**WHAT TO PRODUCE:**
Using the listing below, print the line containing "1999 Honda Domani Photos", the line containing "Tracteur agricole CLAAS Axion 810 (2020)", and each line between them, exactly and nothing else. Pictures stay out of the print.

**MATERIAL SUPPLIED:**
+ + +

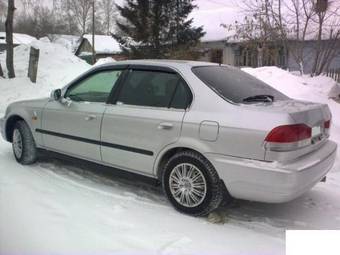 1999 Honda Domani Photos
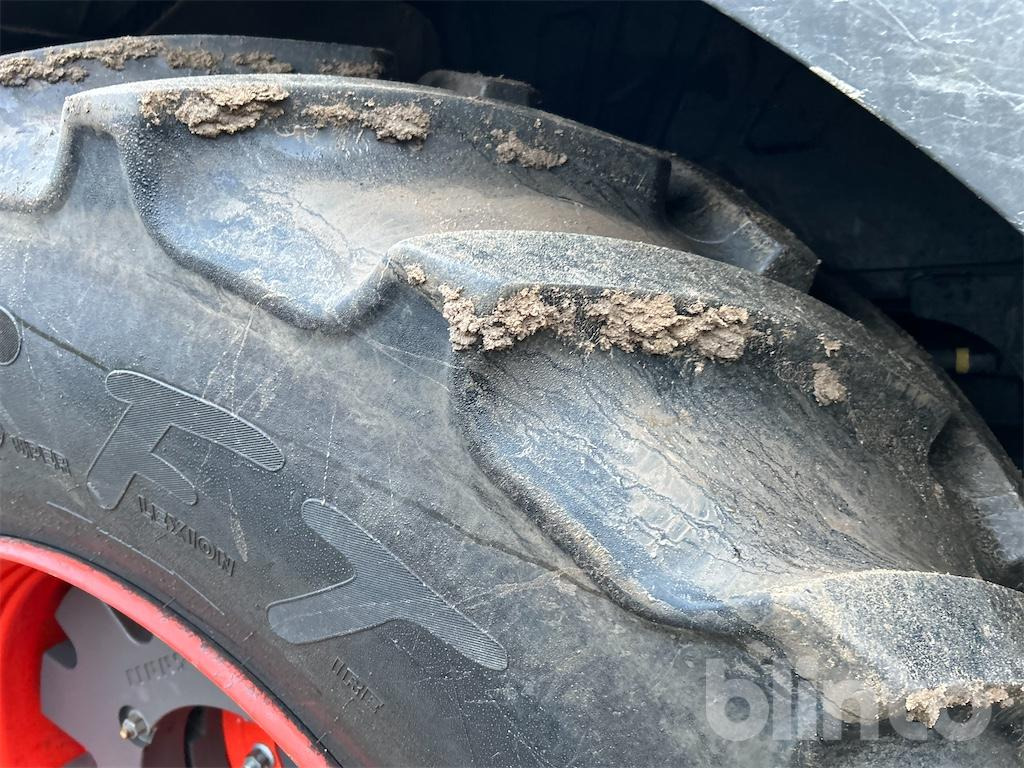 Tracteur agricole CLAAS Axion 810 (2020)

+ + +

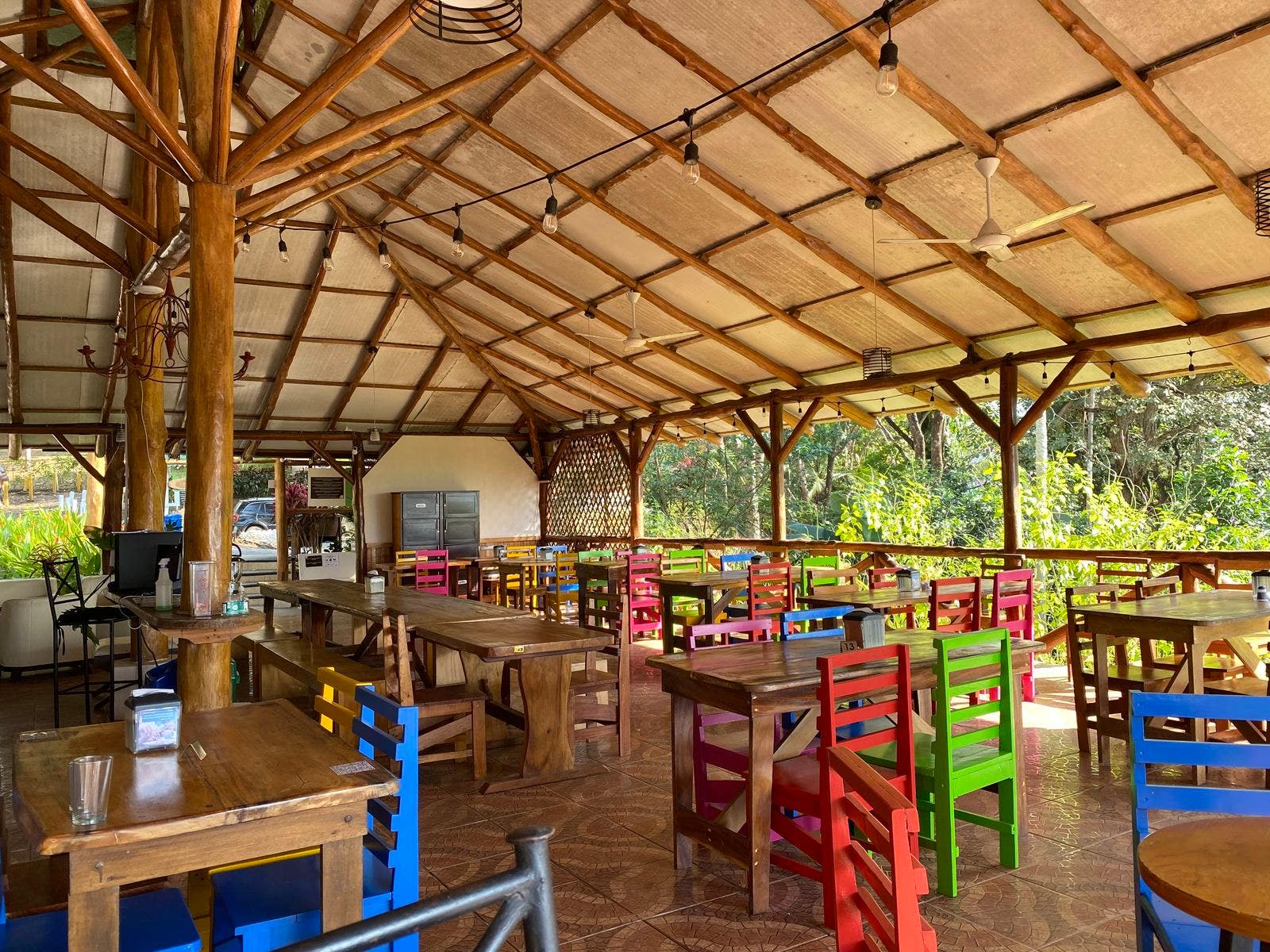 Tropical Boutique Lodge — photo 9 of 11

+ + +

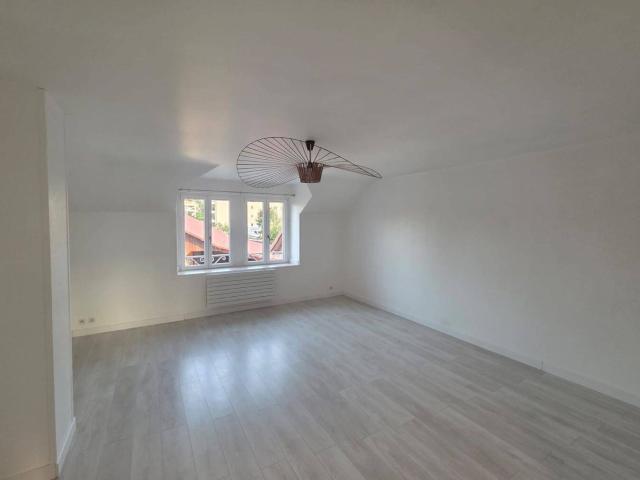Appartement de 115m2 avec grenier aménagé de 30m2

+ + +

**WRITTEN SOLUTION:**
 1999 Honda Domani Photos
 Tracteur agricole CLAAS Axion 810 (2020)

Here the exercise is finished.